1) Love the idea of a danger zone weight. I'll definitely keep that in mind.
2) I never thought that how not allowing myself to "not care" about my weight could actually benefit me.
3) BERRYBLONDE...You're right, this is disordered thinking. I've done a lot of work on changing the way I think about eating EVERYTHING. And now I realize I need to work on my disordered thinking on staying near goal weight. Thanks alot...
THANKS EVERYONE...By the way, the run was great. I finished just in time and just as the local High School track team hit the path. Getting passed by all of those teeny HS girls would have really ticked me off.....:)
5.05 miles behind me and the soup was great!!!! So was the greek yogurt!
01-18-2013, 08:47 PM
I have been maintaining for a little over two years, and I can tell you that I think about my weight every day. I don't obsess over it... but it's there. If you aren't vigilant, you can backslide, and it's that awareness that helps to prevent that.
The way I managed my weight has been pretty simple. I set a "red line" weight. The second I start nearing that weight, I make a conscious effort to lose a few pounds and get away from it. It's a constant dance... I bounce around the same 5-10 lbs or so. I weigh myself every day... it has become part of my routine. It's how I keep myself in check.
I am not saying it won't be different for some people, but I am just saying that has been how it has been for me.
And CONGRATS!!! What an achievement! You must be so proud of how far you have come... it is truly amazing!
01-18-2013, 11:24 PM
I am maintaining now, but it took me a long time to figure this out. I could lose like no other, but maintaining, pfft, that was hard.
I am happy to say that I am now a maintainer! However, if I do not stay aware, it won't last.
The up side is, I figured out what works for me, and I'm comfortable with what I do.
JohnP is an IF guy, great, works for him.
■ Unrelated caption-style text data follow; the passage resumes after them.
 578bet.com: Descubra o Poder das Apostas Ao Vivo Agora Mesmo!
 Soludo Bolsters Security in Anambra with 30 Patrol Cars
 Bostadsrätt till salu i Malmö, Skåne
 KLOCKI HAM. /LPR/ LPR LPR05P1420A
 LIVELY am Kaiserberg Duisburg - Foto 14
I'm a Weight Watcher person, that works for me. Plus a few other things. I weigh each morning, write it on a calendar above my scale. I track my food and exercise. At the end of the month, I take the calendar and my food journal and look at trends. If it's a bit up, I need to take action, If I'm where I'm comfy, I'm good.
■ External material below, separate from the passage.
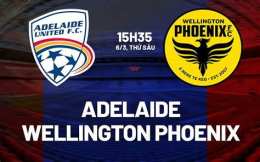 tính năng nổi bật nhận định bóng đá adelaide united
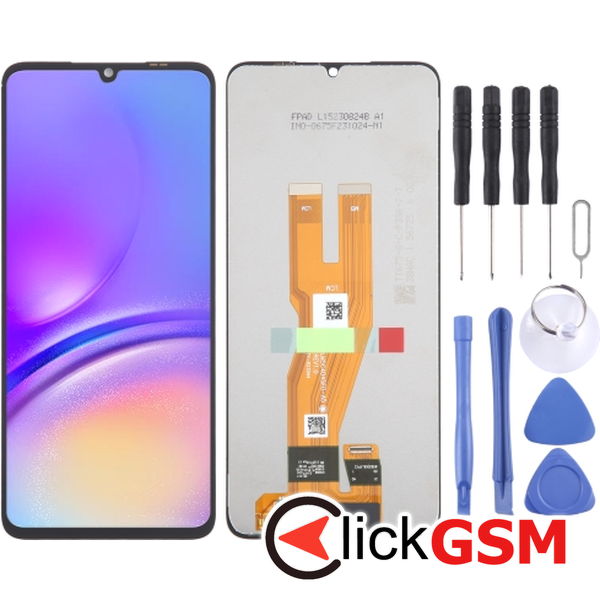 Piesa Display Cu Touchscreen Samsung Galaxy A05 4nym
Just for myself, I finally figured out, that this is not about failure, it's about feedback and listening to your body and your mind and learning from it.:D
01-19-2013, 05:53 AM
BTW thinking about your weight is not always bad. There are days where I think about it and I am happy that I made it through the journey :) So it can be positive too.
02-11-2013, 06:54 PM
Do you have a goal story and a before and after pic.? We would all love to read your amazing story and it might help you to read it, too.
With me it goes in waves. Right now I'm super-focused (like I always am when I'm on a mission to lose). The longest I've maintained is a year. Then, I fall off the wagon--usually after a holiday or something. I get so angry with myself. I figure one of these years it's going to take. I know myself and know I will have to watch the scale daily and not allow a gain of say, 3 lbs. For me, it will be a "forever" thing.
02-11-2013, 07:34 PM
I think the issue for many of us is self-trust---or lack thereof. Read your post and you'll see that you're writing as if you do not have control of the process, almost as if some outside force will put the weight on you. But that cannot happen. You are the one who lost it, and you are the one who can keep it off. You do have control over your weight.
I know what you mean, though. The longer I am at this, the more I trust myself not to regain. I used to panic when I overate and I would automatically think, "Oh, there goes my self-control! I'm going to regain all the weight I lost!" But after several times of getting back on track and catching any small gains, I have begun to trust myself more.
It will take some time, and it wouldn't hurt to use some positive self-talk. When you get those feelings of panic, just remind yourself that you are ultimately in control of the food you put into your mouth. No one will force-feed you. You are in control.